Excerpts from a dataset
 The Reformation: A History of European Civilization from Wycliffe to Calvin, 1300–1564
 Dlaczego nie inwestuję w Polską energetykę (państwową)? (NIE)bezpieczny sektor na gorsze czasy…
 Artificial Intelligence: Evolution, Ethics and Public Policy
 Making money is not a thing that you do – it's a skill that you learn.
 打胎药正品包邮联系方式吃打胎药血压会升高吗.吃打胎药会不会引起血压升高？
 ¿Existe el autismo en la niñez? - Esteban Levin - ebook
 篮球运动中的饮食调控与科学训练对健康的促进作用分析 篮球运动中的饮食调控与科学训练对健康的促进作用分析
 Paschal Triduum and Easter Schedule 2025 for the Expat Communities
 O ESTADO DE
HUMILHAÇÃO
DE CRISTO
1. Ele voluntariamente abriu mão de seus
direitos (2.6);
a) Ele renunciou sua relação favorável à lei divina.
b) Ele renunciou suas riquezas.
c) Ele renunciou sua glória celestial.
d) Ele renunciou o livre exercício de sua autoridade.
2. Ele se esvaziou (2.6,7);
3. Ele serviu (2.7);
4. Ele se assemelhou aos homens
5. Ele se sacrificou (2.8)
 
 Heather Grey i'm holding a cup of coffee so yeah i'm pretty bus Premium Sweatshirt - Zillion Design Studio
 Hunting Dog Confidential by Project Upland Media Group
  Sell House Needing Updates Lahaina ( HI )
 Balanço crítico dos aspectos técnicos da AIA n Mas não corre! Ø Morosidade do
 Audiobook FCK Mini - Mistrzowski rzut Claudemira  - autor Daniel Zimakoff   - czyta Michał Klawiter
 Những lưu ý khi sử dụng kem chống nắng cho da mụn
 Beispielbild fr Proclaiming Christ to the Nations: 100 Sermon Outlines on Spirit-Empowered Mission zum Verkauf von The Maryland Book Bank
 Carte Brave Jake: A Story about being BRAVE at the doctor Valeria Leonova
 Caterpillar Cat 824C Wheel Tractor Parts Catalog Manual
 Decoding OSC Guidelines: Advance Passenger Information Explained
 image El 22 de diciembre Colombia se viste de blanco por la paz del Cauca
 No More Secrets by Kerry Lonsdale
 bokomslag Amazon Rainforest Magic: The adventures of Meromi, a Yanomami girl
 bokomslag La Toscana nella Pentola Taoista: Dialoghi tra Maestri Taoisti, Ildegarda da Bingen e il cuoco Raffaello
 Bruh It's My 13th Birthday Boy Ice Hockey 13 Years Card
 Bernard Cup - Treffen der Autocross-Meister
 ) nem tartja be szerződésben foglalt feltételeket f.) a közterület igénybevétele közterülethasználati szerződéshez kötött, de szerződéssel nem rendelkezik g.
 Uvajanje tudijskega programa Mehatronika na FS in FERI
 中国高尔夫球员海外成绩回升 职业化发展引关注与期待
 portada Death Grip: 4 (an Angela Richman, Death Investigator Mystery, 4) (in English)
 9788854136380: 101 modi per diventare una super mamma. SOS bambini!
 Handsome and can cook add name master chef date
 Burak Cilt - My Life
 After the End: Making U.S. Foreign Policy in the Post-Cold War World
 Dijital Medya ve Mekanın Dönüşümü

• **Exercise description**
In the entries above, how many lines contain the word "Making"? Answer with the number only.

• **Output of the exercise**
2